Short web captions:
************
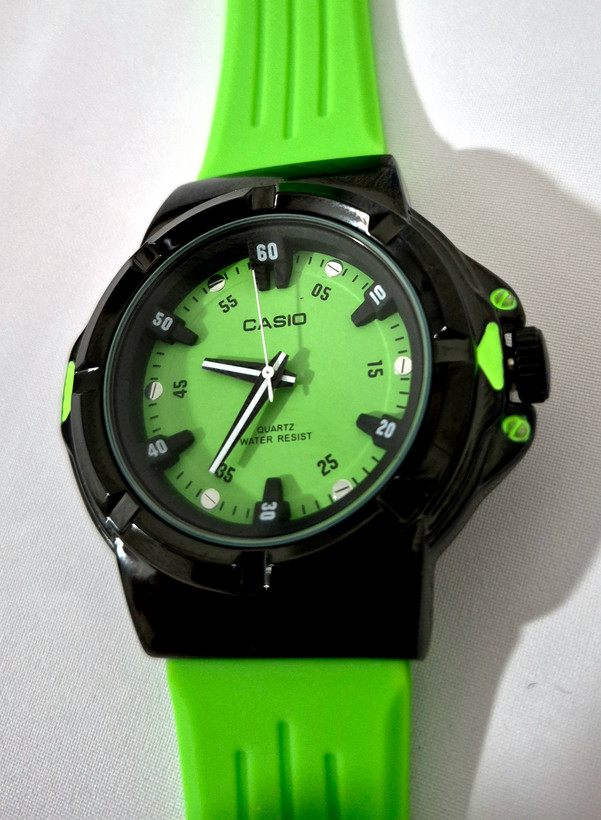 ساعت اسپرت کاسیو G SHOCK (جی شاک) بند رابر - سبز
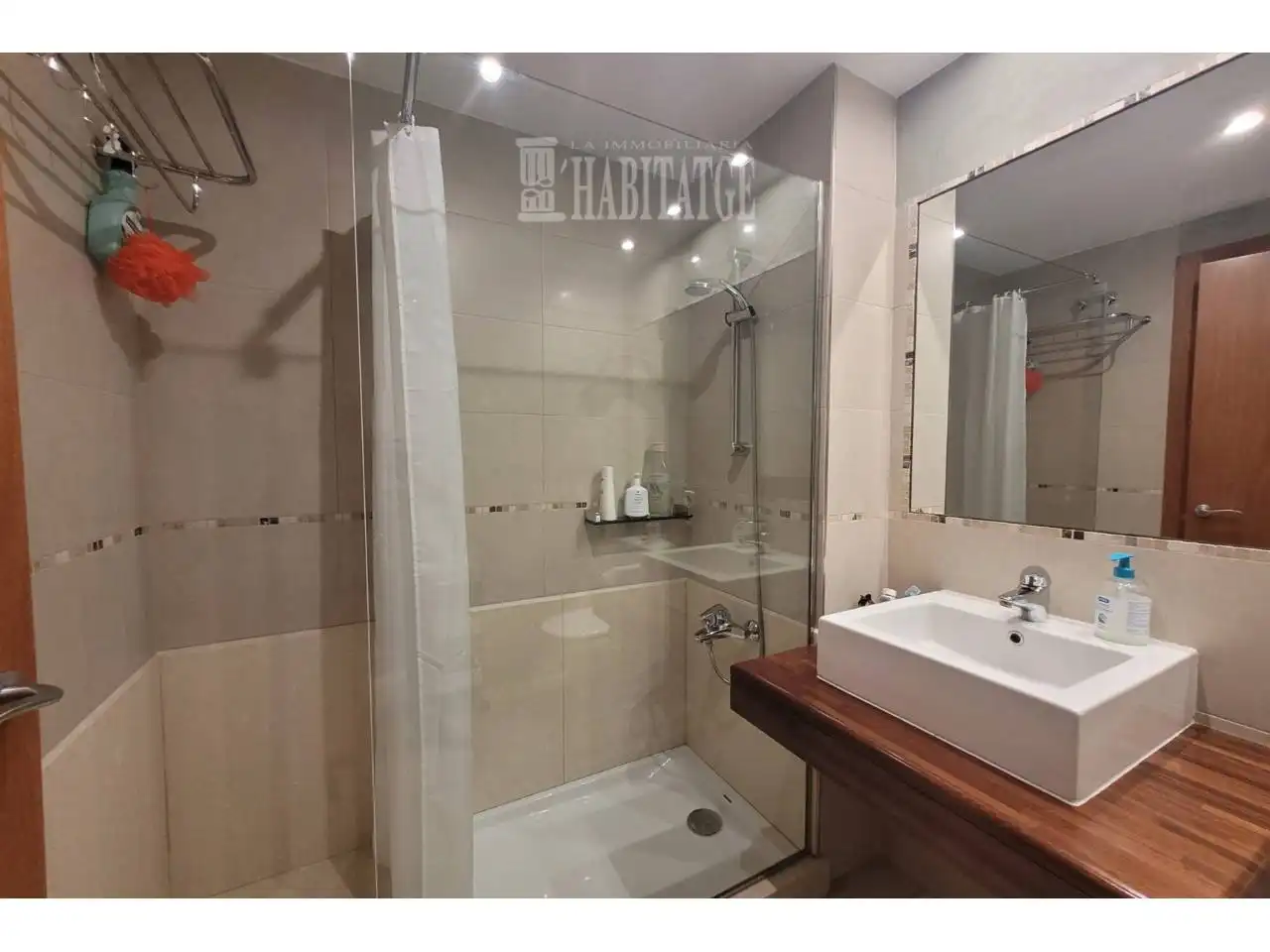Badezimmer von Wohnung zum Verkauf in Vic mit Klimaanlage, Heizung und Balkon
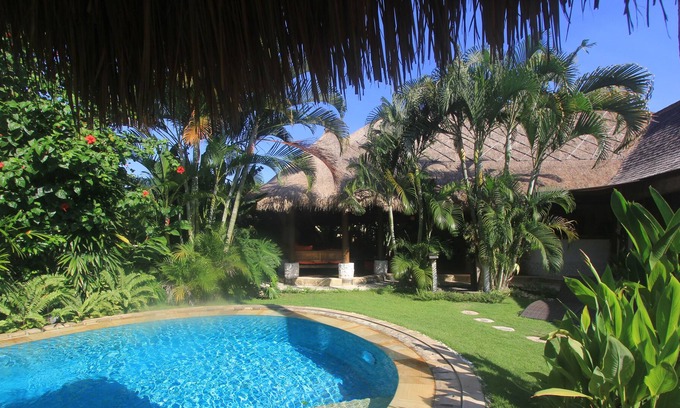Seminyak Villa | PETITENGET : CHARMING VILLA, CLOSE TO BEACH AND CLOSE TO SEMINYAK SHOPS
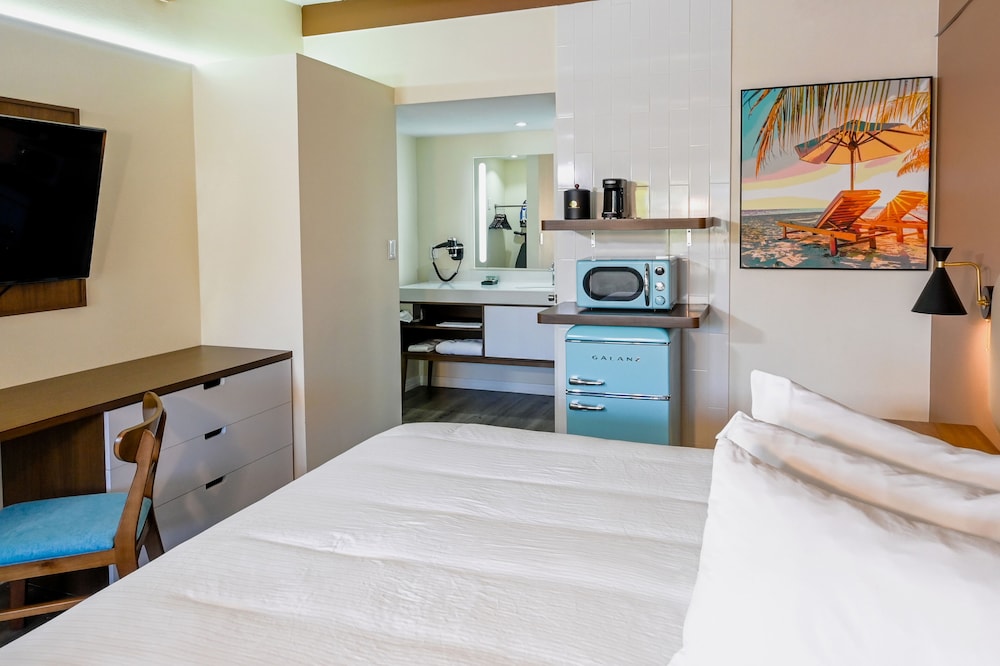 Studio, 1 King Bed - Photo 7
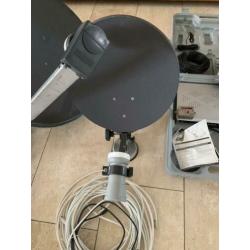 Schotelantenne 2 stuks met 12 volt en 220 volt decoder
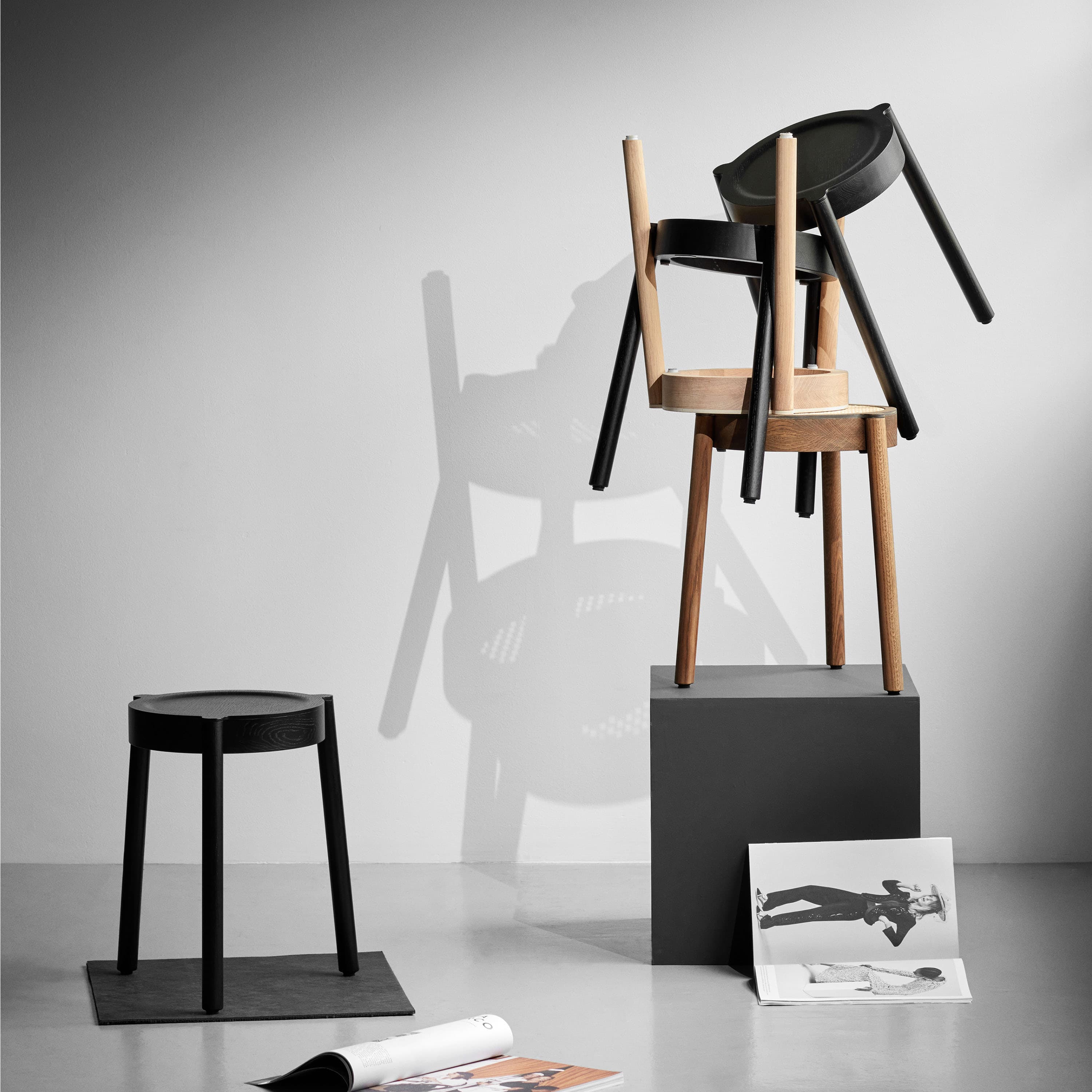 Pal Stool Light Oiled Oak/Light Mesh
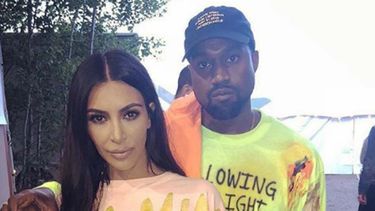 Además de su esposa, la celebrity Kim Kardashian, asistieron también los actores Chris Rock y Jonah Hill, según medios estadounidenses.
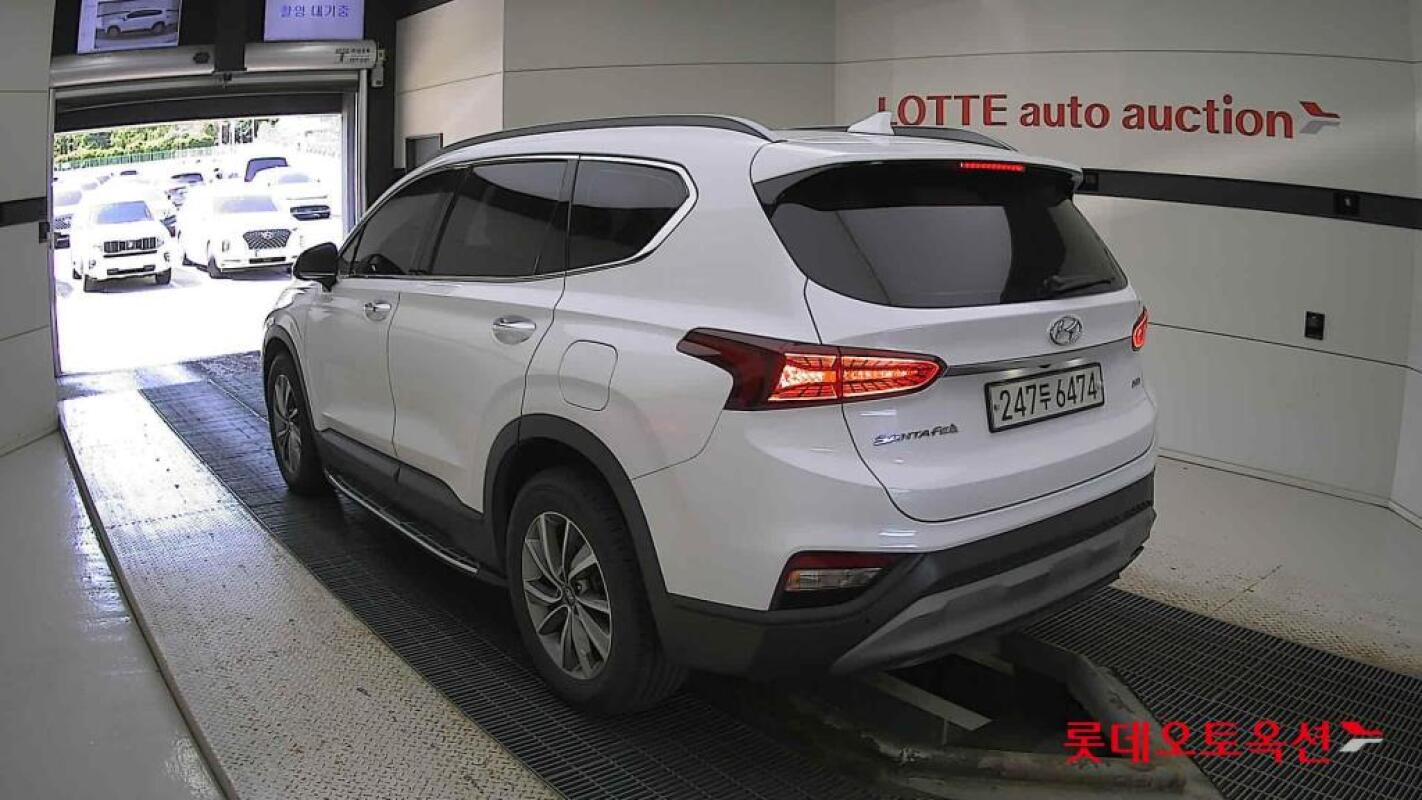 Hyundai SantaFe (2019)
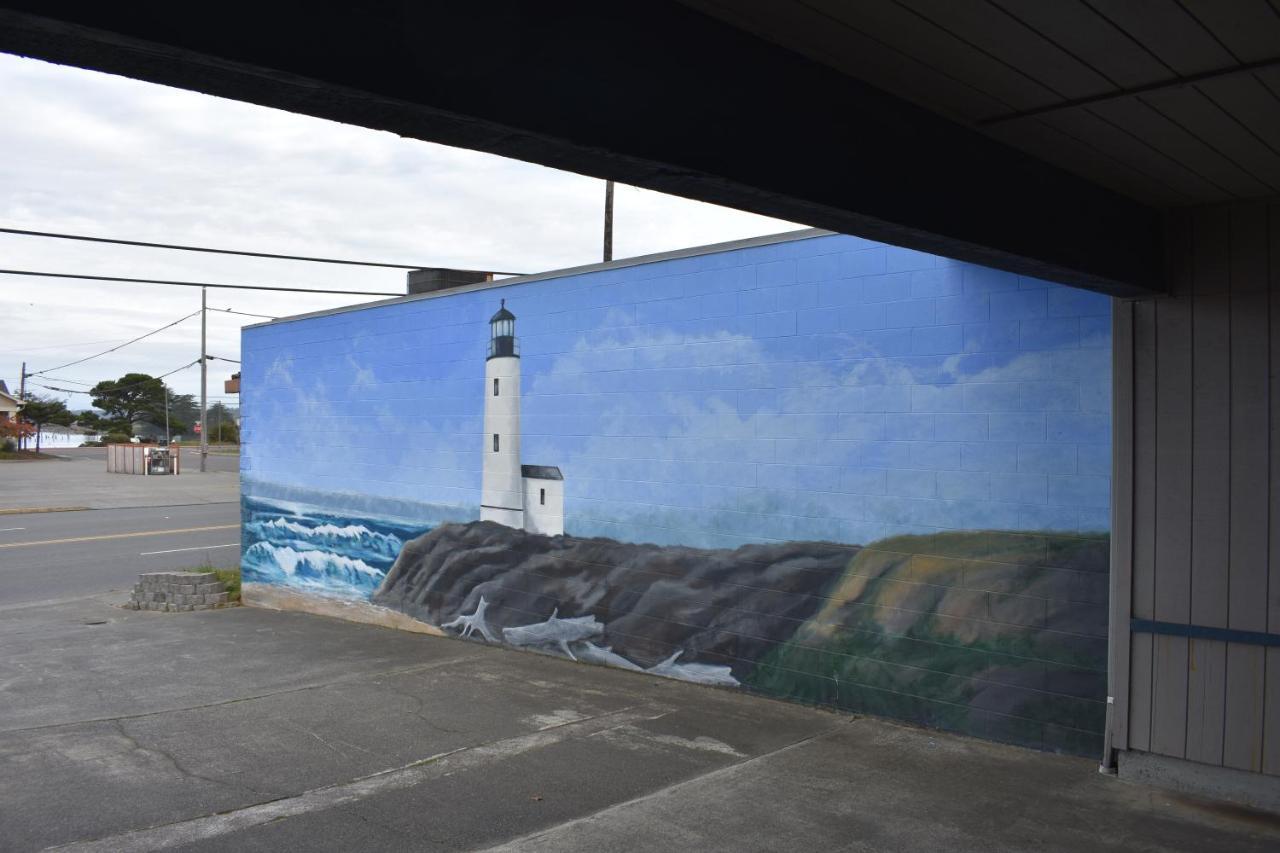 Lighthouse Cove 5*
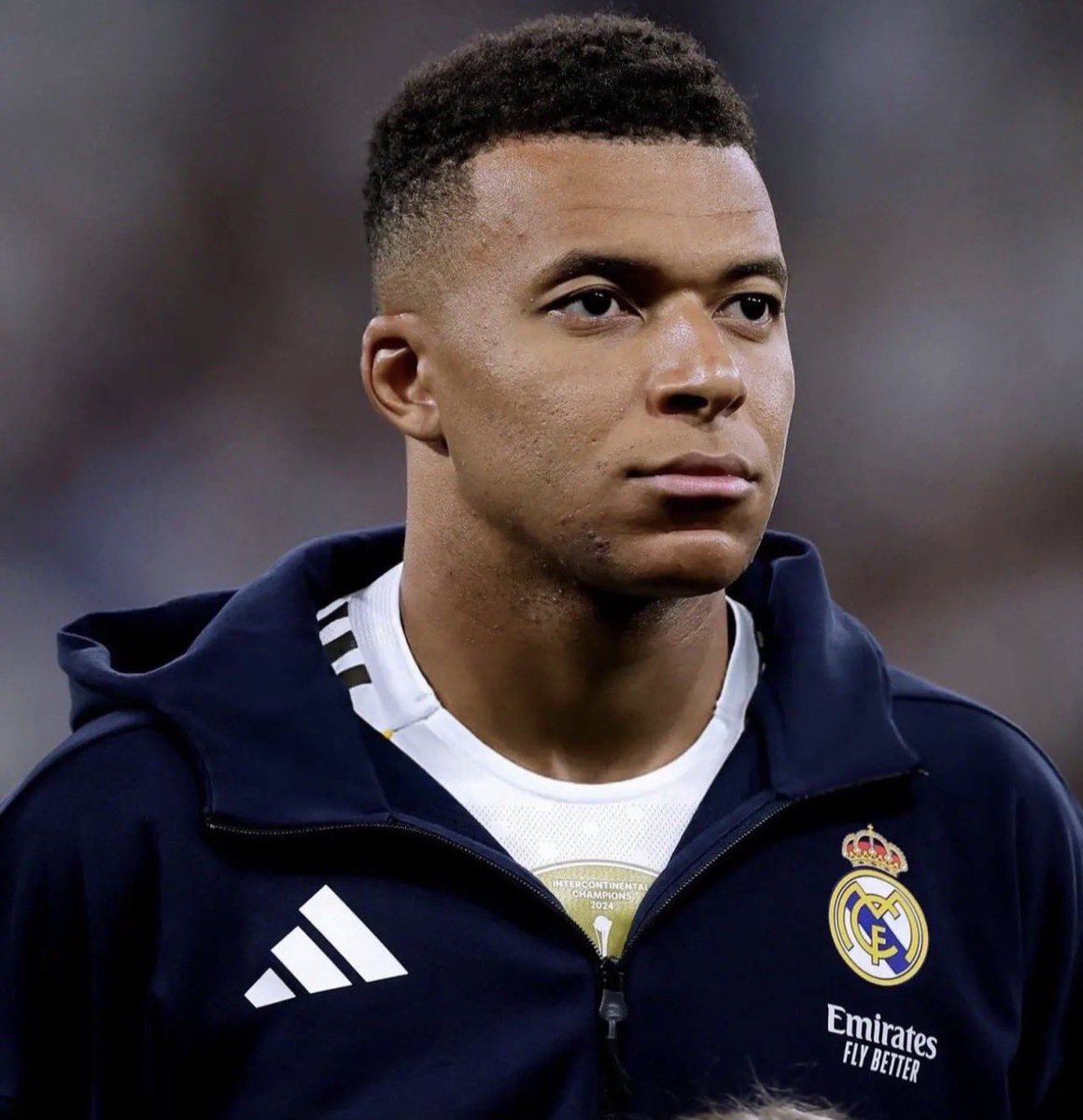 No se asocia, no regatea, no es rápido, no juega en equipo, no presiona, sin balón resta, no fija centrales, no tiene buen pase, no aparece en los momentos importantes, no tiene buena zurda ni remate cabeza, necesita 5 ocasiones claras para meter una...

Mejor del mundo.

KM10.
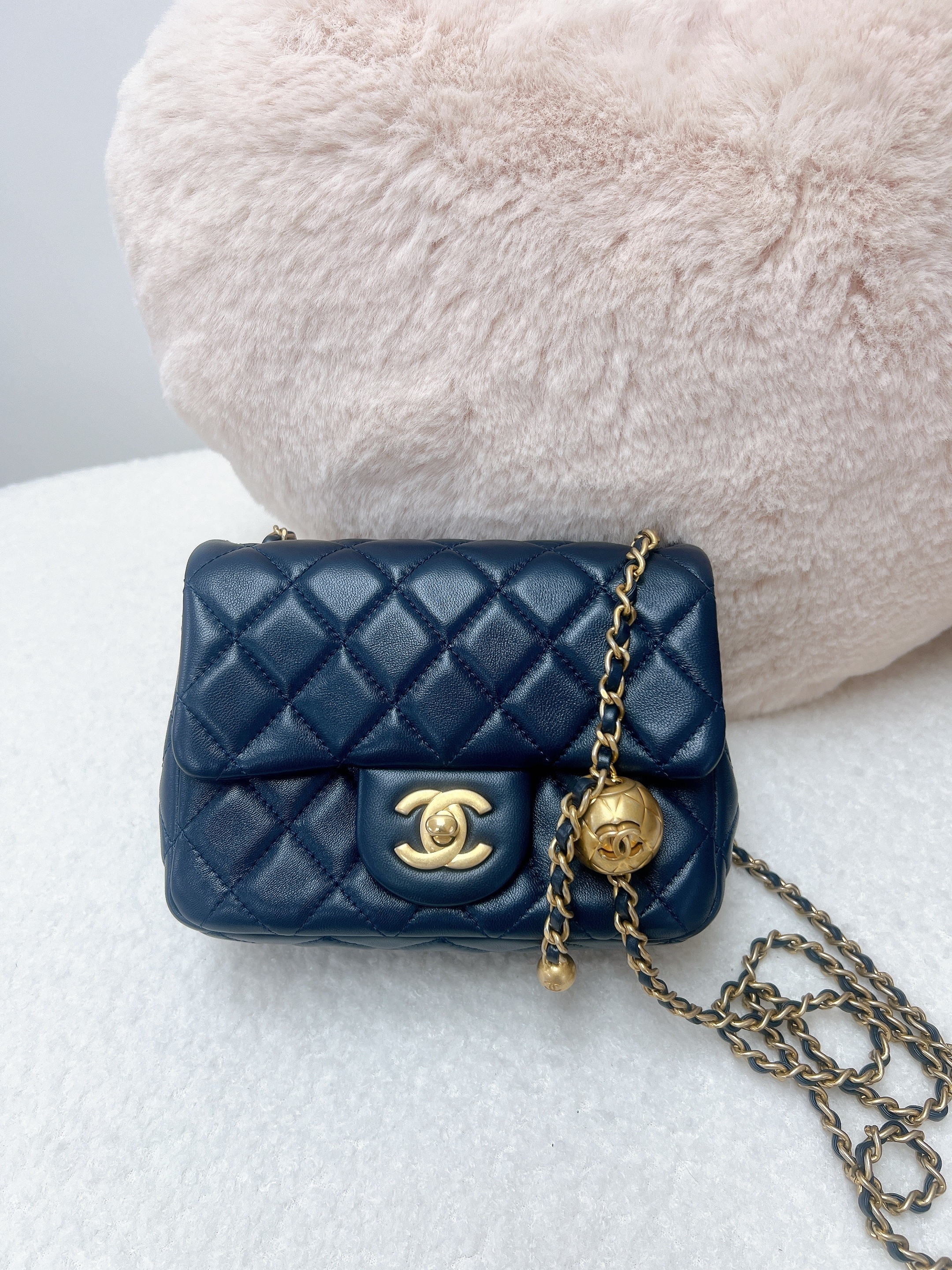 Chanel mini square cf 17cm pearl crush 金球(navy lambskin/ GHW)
************
(What to work on):
Every line from the one holding "Mejor del mundo." through the last line of the entries above, and nothing else, is to be restated word for word. Pictures stay out.

(Response to this task):
Mejor del mundo.

KM10.
 Chanel mini square cf 17cm pearl crush 金球(navy lambskin/ GHW)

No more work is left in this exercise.